First-line treatment for metastatic hormone-sensitive prostate cancer (mHSPC) has been established as dual therapy including androgen-deprivation therapy (ADT) and second-generation androgen receptor inhibitors (ARIs). Recently, triplet therapies incorporating ADT, Docetaxel and ARIs with Darolutamide or Abiraterone have shown the potential to improve clinical outcomes. However, the effectiveness and safety of separated regimen of ARI in triplet therapies remain a question in urology oncology, without randomized study to compare different regimens head to head. We therefore emulated the hypothetical target clinical trial to compare Darolutamide with Abiraterone in the triplet therapy for mHSPC.

We conducted a retrospective cohort study using the TriNetx database from 2021-2025 to emulate a target population as ARASEN study. To reduce potential bias in baseline characteristics, we employed Propensity score (PS) 1:1 matched analysis based on important prognostic variables to create comparable treatment groups. The primary outcomes were overall survival (OS) and time to mCRPC(metastatic castration resistant prostate cancer). Secondary outcomes include time to PSA progression, time to skeletal adverse event, time to pain progression, time to subsequent therapy and adverse event between the two patient groups.

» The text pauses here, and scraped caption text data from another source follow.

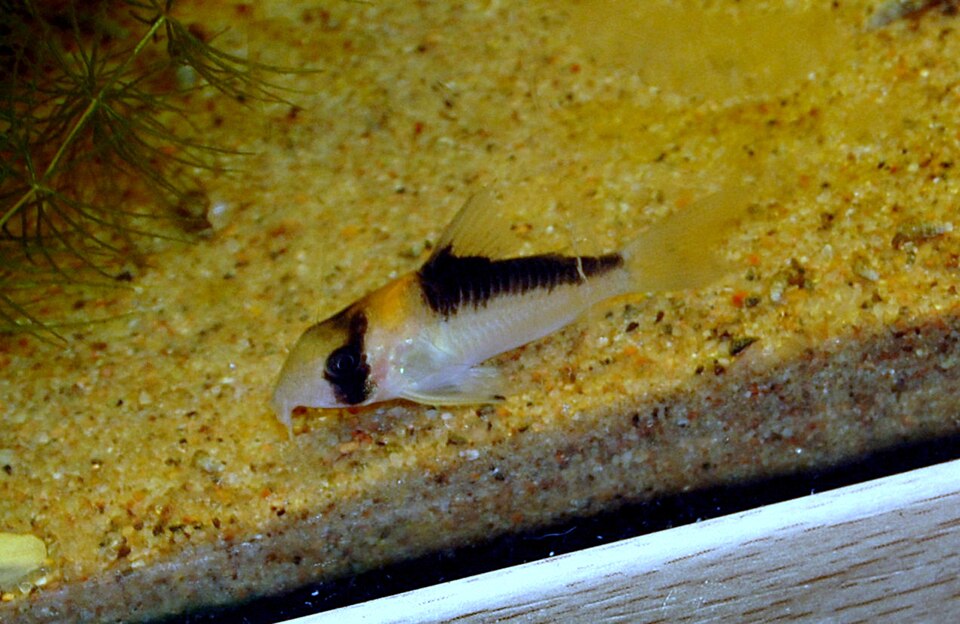 Adolfoi Cory (Corydoras adolfoi)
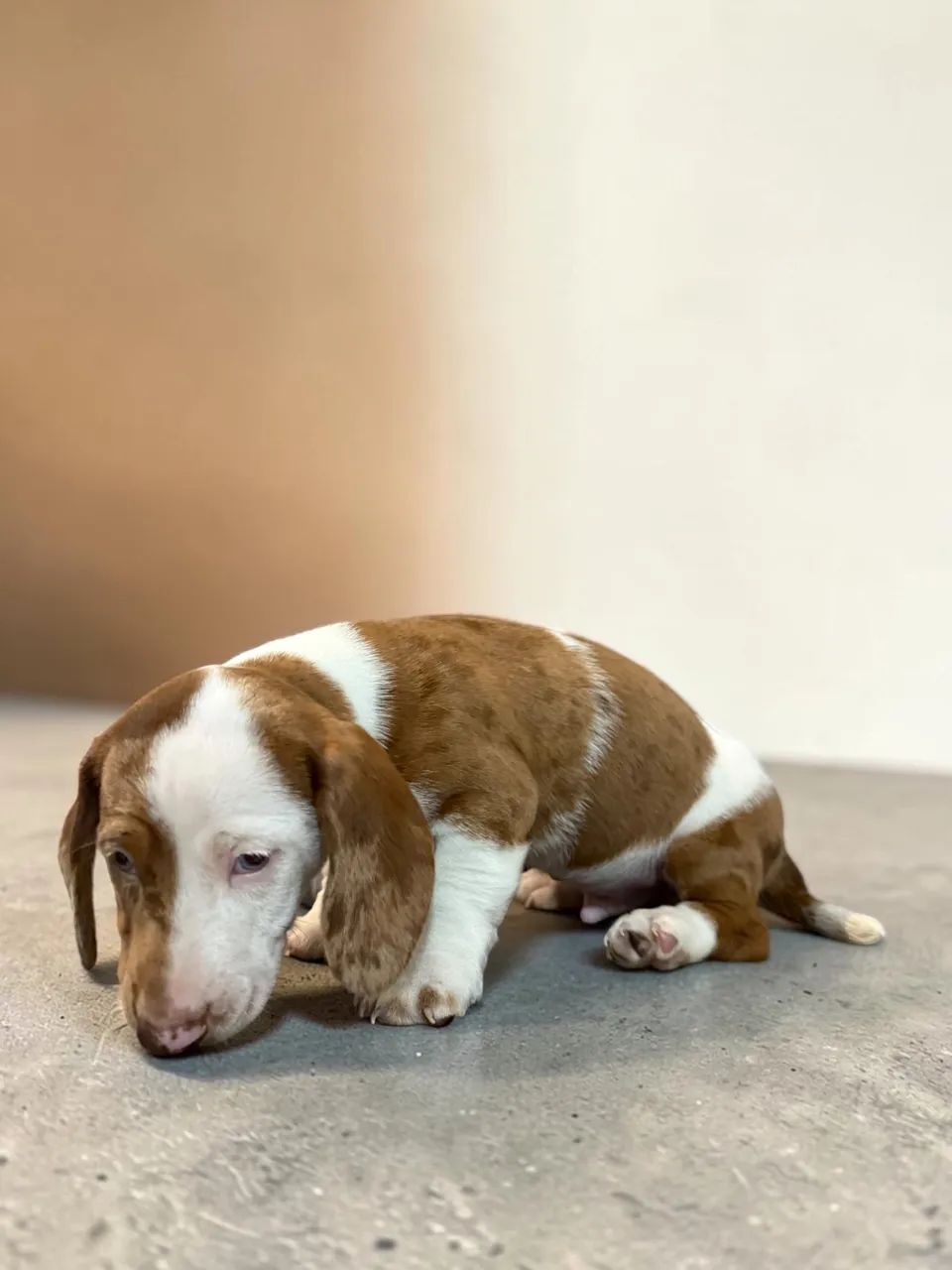 Daschund disponível  - Foto 5
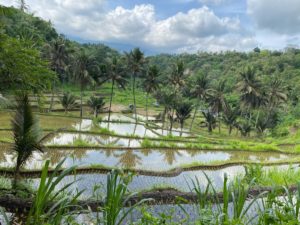 Rice fields, Bayan, Lombok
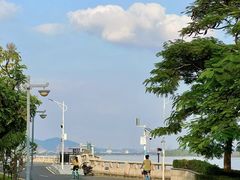 -长洲岛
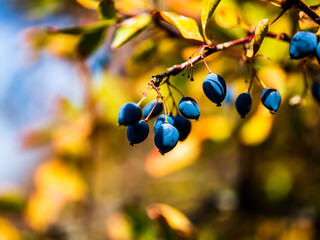 berries on a branch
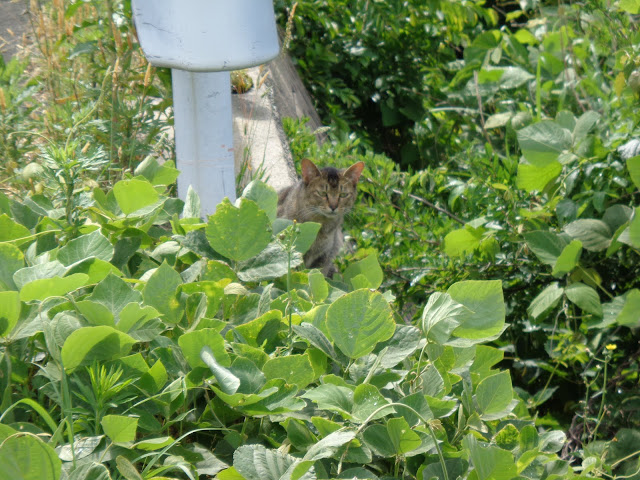 県道305号線の大山佐摩線沿いに猫がいました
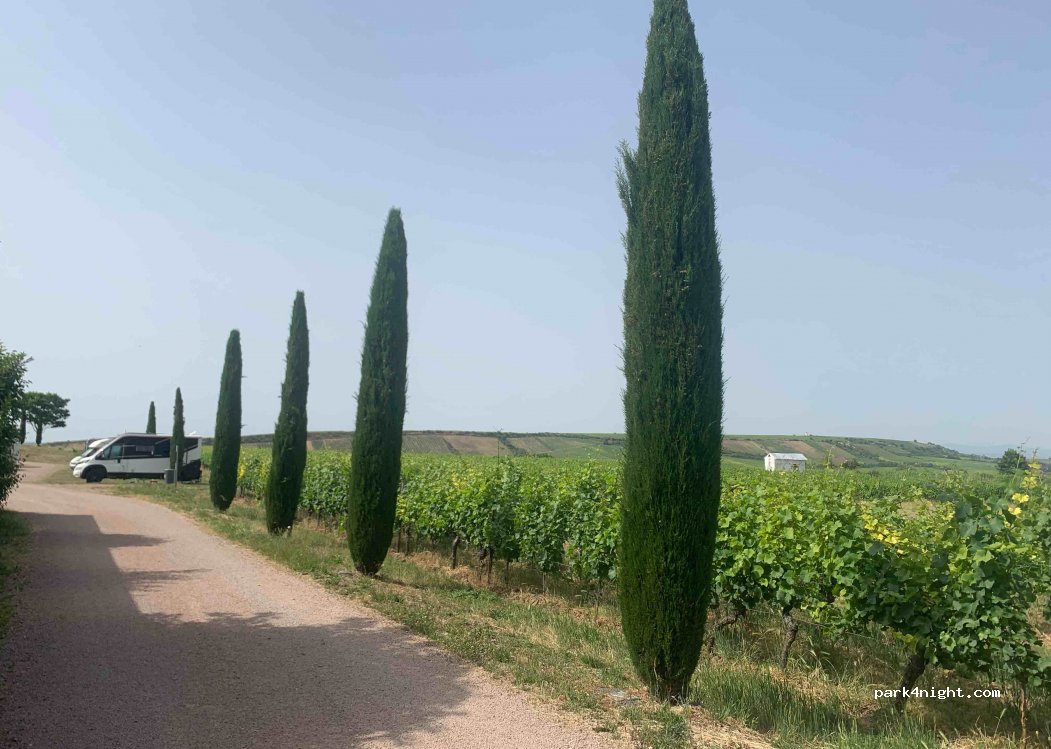 Reisemobilstellplatz Weingut Gehring — foto 2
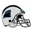 pantherscards.com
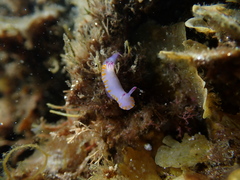 Mexichromis macropus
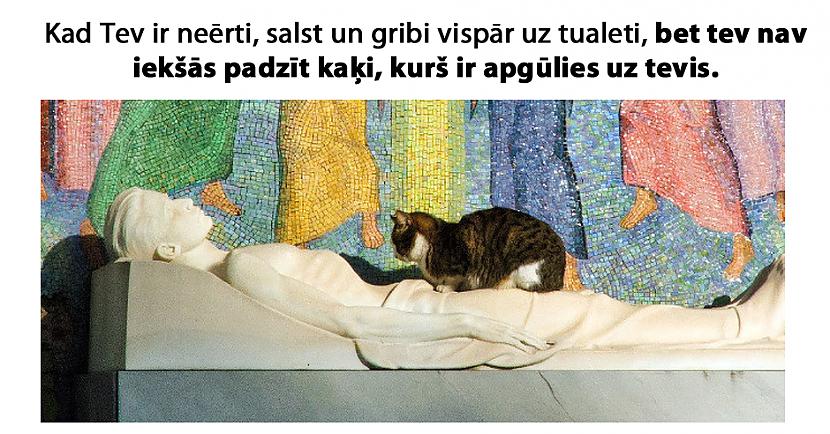 Autors: matilde «Twitter» joki, kas īpaši nepatiks tiem, kuri ātri apvainojas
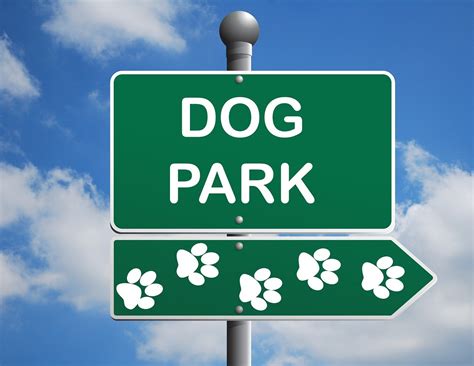 dog park clipart|dog park clip art images.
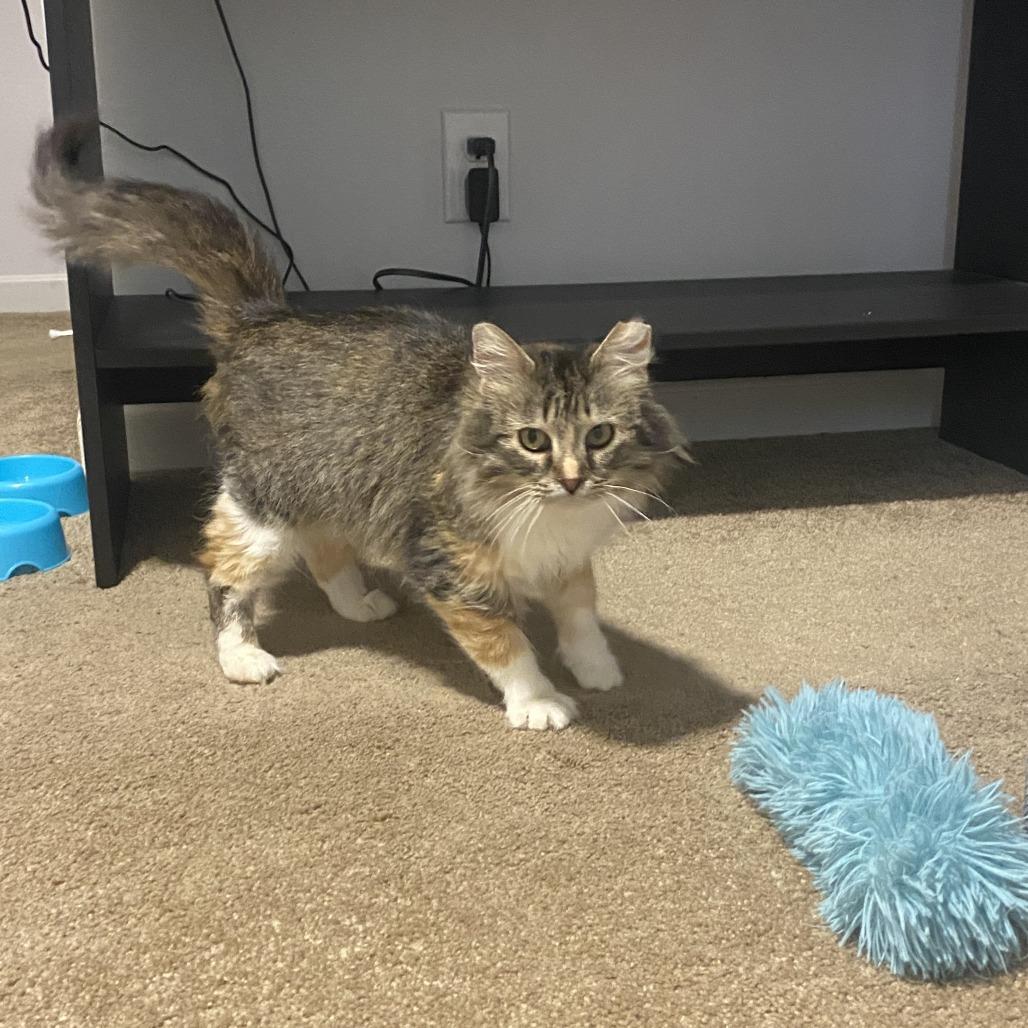Enlarge Aquara, a Adoptable Domestic Medium Hair in St. Paul, MN image 3/4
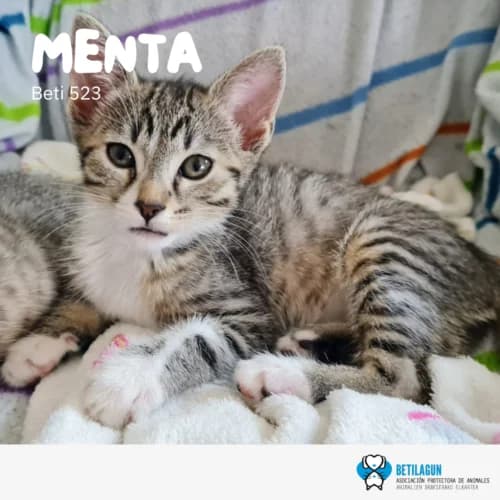 Menta,  Mixed Breed for adoption at Betilagun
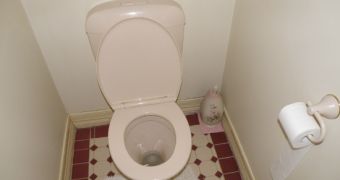 Woman needs medical help after toilet explodes right beneath her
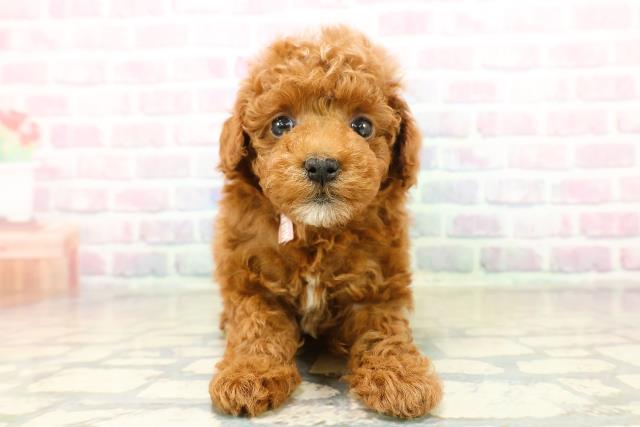 埼玉県のトイプードル(トイ) (Coo&RIKU岩槻店/2025年11月3日生まれ/女の子/レッド)の子犬の1枚目の画像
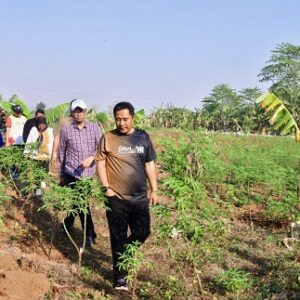 Pj. Gubernur Sulsel Tinjau 23 Hektar Lahan Percontohan Budidaya Pisang dan Nanas di Pattallasang Gowa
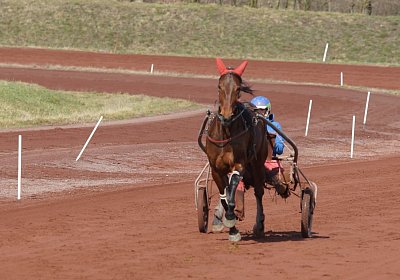 DSC06679 Semola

A total of 2,396 mHSPC patients in the database received one of the two triplet therapies. After PS matching, 1,648 patients were included in each treatment group. With a median follow-up of one year, the Darolutamide group demonstrated significantly improved overall survival compared to the Abiraterone group (hazard ratio [HR] 0.44, 95% confidence interval [CI] 0.21–0.92). The Darolutamide group also exhibited a significantly longer time to mCRPC (HR 0.39, 95% CI 0.25–0.62), time to PSA progression (HR 0.64, 95% CI 0.54–0.77), and time to subsequent therapy (HR 0.36, 95% CI 0.26–0.48), with a lower incidence of adverse events (p < 0.0001) compared to the Abiraterone group. No significant differences were observed between the two groups in time to skeletal adverse events, time to pain progression (opioid use), or incidence of major adverse cardiac events (MACE).

This real-world study using propensity score matching suggests that, for patients with mHSPC, first-line treatment with Darolutamide + ADT + docetaxel may be associated with better overall survival, longer time to mCRPC, delayed PSA progression, longer time to subsequent therapy, and fewer adverse events compared to Abiraterone + ADT + docetaxel. These findings provide valuable real-world evidence to guide clinical decision-making in triplet therapy selection for mHSPC. However, given the retrospective nature of this study, further validation through prospective trials is necessary.